Tek-Tips is the largest IT community on the Internet today!

Members share and learn making Tek-Tips Forums the best source of peer-reviewed technical information on the Internet!

  • Congratulations gkittelson on being selected by the Tek-Tips community for having the most helpful posts in the forums last week. Way to Go!

Working With Spaces In Strings

Status
Not open for further replies.

JasonCannon

IS-IT--Management
Apr 11, 2013
30
US
I have just started working with records that have excess spaces within titles and names and I am trying to find the best way to "clean them up."

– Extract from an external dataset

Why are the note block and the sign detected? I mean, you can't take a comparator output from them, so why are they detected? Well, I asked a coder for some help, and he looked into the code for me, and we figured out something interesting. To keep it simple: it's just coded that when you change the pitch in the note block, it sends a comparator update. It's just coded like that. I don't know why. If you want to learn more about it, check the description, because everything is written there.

I cannot trim out all the spaces as I need them between the words.

Examples:
- "A AA Self Storage" should read "AAA Self Storage"
- "A A A Carolina" and "A AA Carolina" should read "AAA Carolina"
- "A A Al-Anon" should read "AA Al-Anon"
- "BB T Bank" should read "BBT Bank"
etc.

Trying to find a better way than to have a long CASE .. ENDCASE statement.

Any suggestions?

Thanks.

"..if you give a man a fish he is hungry again in an hour. If you teach him to catch a fish you do him a good turn."
-- Anne Isabella Thackeray Ritchie.
 
Hi,

There is no clear pattern between how "A AA Self Storage" and "A A A Carolina" should be trimmed but you might have a look at the STRTRAN() function

? STRTRAN(A AA Self, " ","",1,1) && yields "AAA Self"
? STRTRAN(A A A Carolina, " ","",1,2) && yields "AAA Carolina"

hth

MarK
 
Not quite sure what your business rule is. Are you saying that if a "word" contains a single letter, it should be concatenated with the previous (or next?) word? (Your last example [BB T Bank] is ambiguous in that respect.)

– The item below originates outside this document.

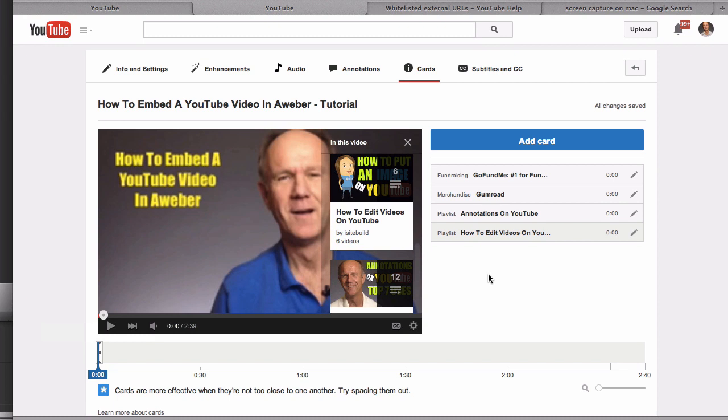That's it. Now you know the top 5 ways to use YouTube info cards in your videos. Let me know in the comments below how you are using them.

Difficult to give a final answer without more information, but your solution would look something like this:

Code:
lcIn = < your input string >
lcOut = ""
FOR lnI = 1 TO GETWORDCOUNT(lcIn)
  lcWord = GETWORDNUM(lcIn, lnI)
  lcOut = lcOut + lcWord + IIF(LEN(lcWord) = 1, " ", "")
ENDFOR 
< your output string = lcOut

This will need tweaking, but it should give you the general idea.

Mike



__________________________________
Mike Lewis (Edinburgh, Scotland)

Visual FoxPro articles, tips and downloads
 
I am trying to avoid having a long list of STRTRAN()'s for each entry and try to come up with something more general. That, or have some sort of "spell check" table.

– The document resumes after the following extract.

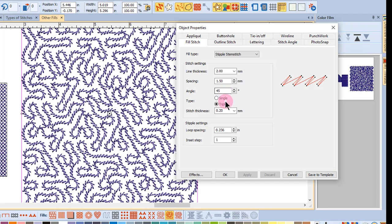You can also choose a single or a triple stem stitch. The stitch thickness will change the distance between the forward and backward stitches of the stem stitch. If you rest your cursor in the value box, a blue arrow appears showing you just how the stem stitch will be affected.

That FOR .. ENDFOR loop looks promising. But a problem would be when a title is like "A New Little Store". I do not want to take out the space between "A" and "New".

Much thanks for the help.

"..if you give a man a fish he is hungry again in an hour. If you teach him to catch a fish you do him a good turn."
-- Anne Isabella Thackeray Ritchie.
 
Jason,

As I said before, you need to specify your rules. The examples you gave are useful but they don't cover every case. And they are not consistent. For example, you say you don't want a space between "A" and "New", but you do want one between "A" and "AA".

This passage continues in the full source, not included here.